CORTINA DE AMPISO, Itália – A italiana Federica Brignone completou uma dobradinha de ouro no gelo em casa nas Olimpíadas de Inverno no domingo, somando o título de slalom gigante super-G que conquistou na última quinta-feira, enquanto a grande estrela do esqui alpino dos EUA, Mikaela Shiffrin, novamente perdeu uma medalha.

A campeã de Pequim 2022, Sarah Hector, da Suécia, ficou com a prata com a norueguesa Thea Louise Stjernsund e a dupla surpreendentemente registrou tempos idênticos em ambas as corridas em uma corrida por margens impressionantes.
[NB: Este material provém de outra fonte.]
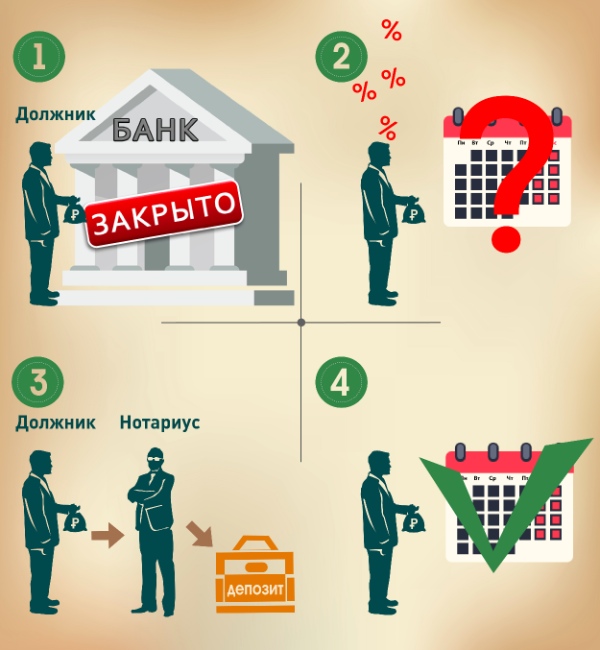 Депозит нотариуса при сделках с недвижимостью в 2021 году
A italiana Lara Della Mia terminou em quarto lugar, agonizantemente a 0,05 segundo do pódio, com a favorita da pré-corrida, Julia Scheib, da Áustria, líder do slalom gigante da Copa do Mundo, mais 0,02 atrás, em quinto.

Brignon, que só voltou de uma lesão na perna que ameaçava sua carreira na Copa do Mundo de Esqui Alpino em janeiro, venceu por 0,62 segundo.

Ele dominou a primeira corrida sob o sol forte na pista Olympia delle Tofane e depois fez uma abordagem segura com uma sugestão de medalha.

“Foi uma corrida muito fácil, porque a neve era muito fácil”, disse o jogador de 35 anos, que agora detém os títulos mundiais e olímpicos.

“Eu estava quase calmo demais”, disse ele sobre a segunda corrida. “Eu estava com medo de não ser agressivo o suficiente.”

Nenhuma outra esquiadora alpina italiana ganhou duas medalhas de ouro individuais nos mesmos Jogos. Bergnon é agora a mulher mais velha a ganhar uma medalha de ouro olímpica no esqui alpino

Shiffrin, classificada em sétimo lugar após sua primeira corrida em uma disciplina desde um acidente estranho em 2024, novamente perdeu a medalha olímpica depois de terminar em 11º no percurso definido por seu treinador.

Esquiador de maior sucesso na história da Copa do Mundo, com um recorde de 108 vitórias, Shiffrin não ganha uma medalha olímpica desde 2018, depois de ficar vazio em Pequim e agora só tem o slalom para acabar com a seca.

Ela será a favorita ao título, tendo vencido sete dos oito slaloms da Copa do Mundo nesta temporada.